→ **Task brief**:
What is needed is an exact copy of every line from the one containing "New 2026 GMC Canyon AT4 image 6" through the end of the entries; please set it down without any pictures.

Top of Given records

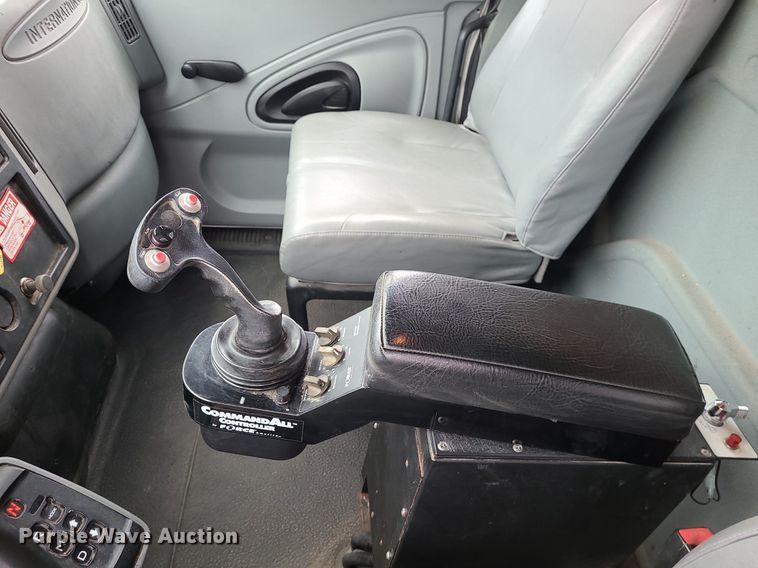 image for item LH9872 2006 International 7300  dump truck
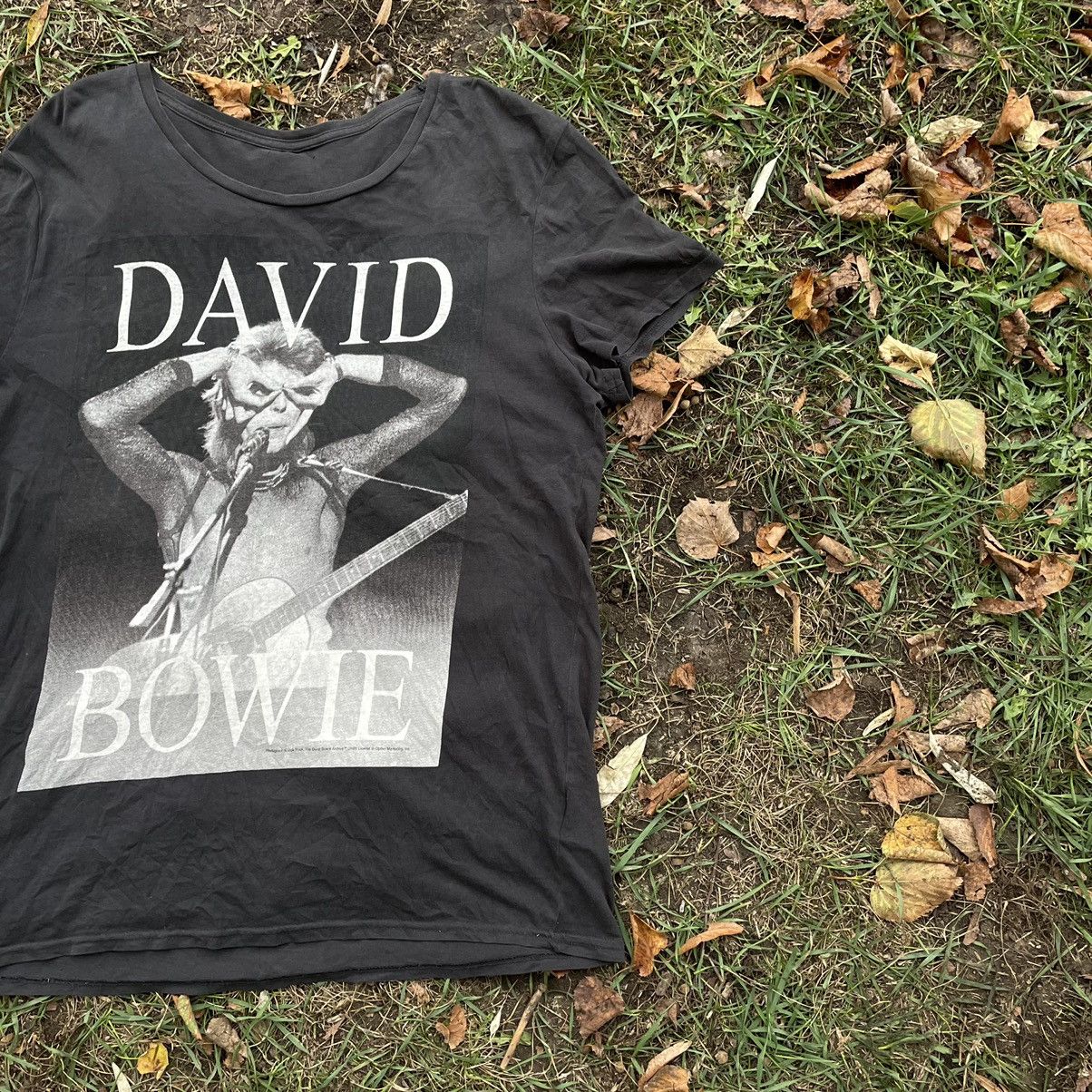 Vintage Vintage Y2K David Bowie Graphic Band Tee Faded Black Slim M Size US M / EU 48-50 / 2 - 2 Thumbnail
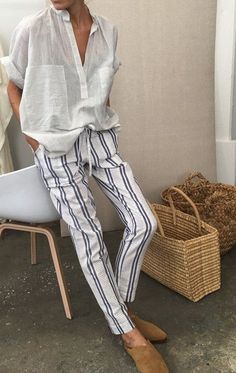 Looks Total Jeans, Minimalist Moda, Mode Tips, Stripe Pants, Blazer Outfit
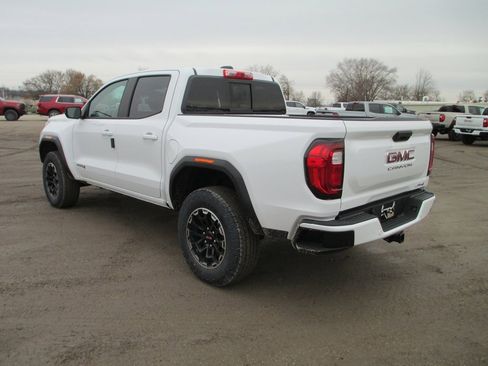 New 2026 GMC Canyon AT4 image 6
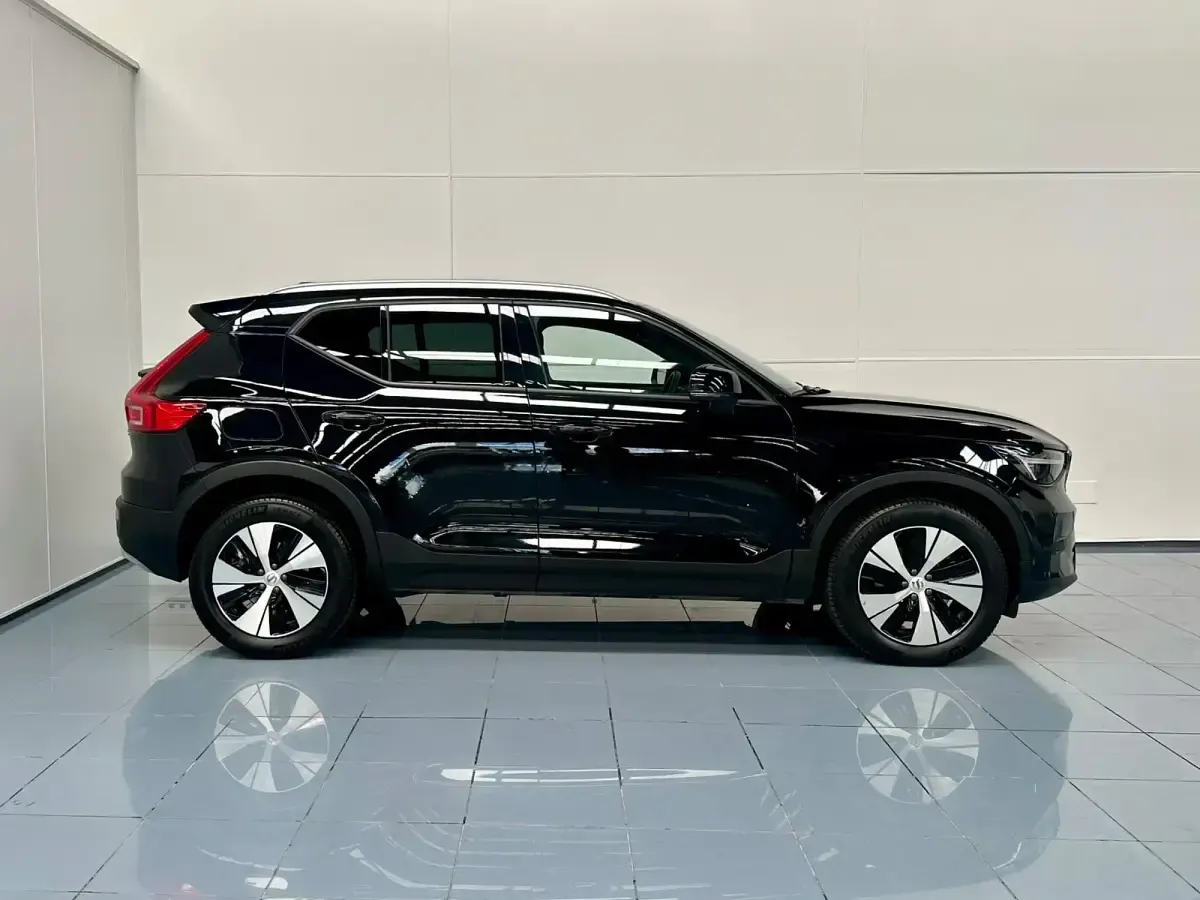Usado Volvo XC40 Core 163 HP (119 kW) 2025 Preto SUV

Bottom of Given records

→ **Completed exercise**:
 New 2026 GMC Canyon AT4 image 6
Usado Volvo XC40 Core 163 HP (119 kW) 2025 Preto SUV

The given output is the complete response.